I did notice some corrosion on the transom. some spots ate out but not all the way through and one spot a little smaller than a dime ate all the way threw. Could it be the old transom was treated plywood? It was all rotten mush when i took it out. Hard to identify.
I wire brushed all of the corrosion areas down to bare metal, wiped w/ acetone and primed w/ rustolem self etching primer. Should i have done anymore? Still can i guess.
Thanks


----------



## UtahBassKicker (Mar 8, 2012)

I wouldn't use the pressure treated stuff.


----------



## lckstckn2smknbrls (Mar 8, 2012)

What you need is Exterior grade plywood. It has the same glue as marine ply but cost much less. Several layers of exterior plywood glued and screwed together for the transom. 3/4" ply is heavy 1/2" might be all you need for the deck.


----------



## wasilvers (Mar 8, 2012)

Pressure treated will still rot. They had it in mine when I bought it. Everywhere it touched was pitted. 

It's bad for your boat, just don't use it. Better to do it right the first time.


----------



## BoCoMo (Mar 8, 2012)

lckstckn2smknbrls said:


> What you need is Exterior grade plywood. It has the same glue as marine ply but cost much less. Several layers of exterior plywood glued and screwed together for the transom. 3/4" ply is heavy 1/2" might be all you need for the deck.




3/4" is all i could get. Checked every local lumber yard. Finally home depot said they could order it. Didnt have half inch though. $65 a sheet. Only other place that could get it was $90


----------



## Jdholmes (Mar 8, 2012)

Yeah. The other thing to keep in mind is that dimensional lumber ie a 2x10 is not going to give you nearly the strength that a couple layers of plywood will for your transom.

Figure out your thickness and then get some hardwood plywood and layer it up. Some people use contact cement, others have had success with gorilla glue for gluing the layers.

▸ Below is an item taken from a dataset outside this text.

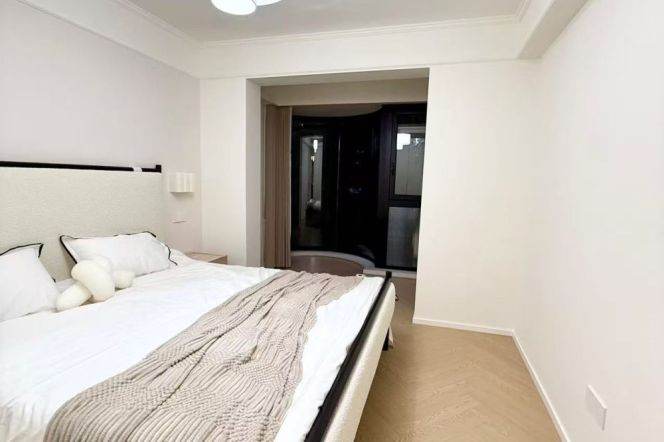 Brand new 3brs/141sqm & heating/elevator @Longyang Rd & Line 2/7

To get the correct thickness I used four layers of 1/4 inch oak plywood. Laminate the layers (gluing them together) and then do your three coats of spar urethane.


----------



## lckstckn2smknbrls (Mar 8, 2012)

BoCoMo said:


> lckstckn2smknbrls said:
> 
> 
> > What you need is Exterior grade plywood. It has the same glue as marine ply but cost much less. Several layers of exterior plywood glued and screwed together for the transom. 3/4" ply is heavy 1/2" might be all you need for the deck.
> ...


Return the marine ply use exterior grade ply.


----------



## wasilvers (Mar 8, 2012)

lckstckn2smknbrls said:


> BoCoMo said:
> 
> 
> > lckstckn2smknbrls said:
> ...



x2, I paid for marine ply. The exterior grade would have been good enough at less than half the cost. I used 3/4 inch for decking and my boat is heavy. But it doesn't move when I or my 300lb friends step on it.


----------



## BoCoMo (Mar 8, 2012)

lckstckn2smknbrls said:


> BoCoMo said:
> 
> 
> > lckstckn2smknbrls said:
> ...



I cant return it. It was a special order.
Asked around today for exterior plywood and none of the lumber yards around here have anything thats not pressure treated.
I did luck out though. Called a guy i know who works on boats and he happened to have 2 sheets of 1/2" marine plywood at his house. $35ea. I wasnt arguing.
So ill use the 1/2" for front and back deck and use 2 layers of the 3/4" for the transom. Thats gonna leave me w/ a full sheet of 3/4" left over now. Oh well ill find something to do w/ it.


----------



## jigngrub (Mar 8, 2012)

The chemicals in ASQ pressure treated lumber are highly corrosive to aluminum:

https://www.loghomebuilders.org/the-corrosive-problem-acq-treated-lumber

The others are right about the 2 layers of 3/4" plywood for your transom, it'll be stronger than dimensional lumber and won't hurt your aluminum.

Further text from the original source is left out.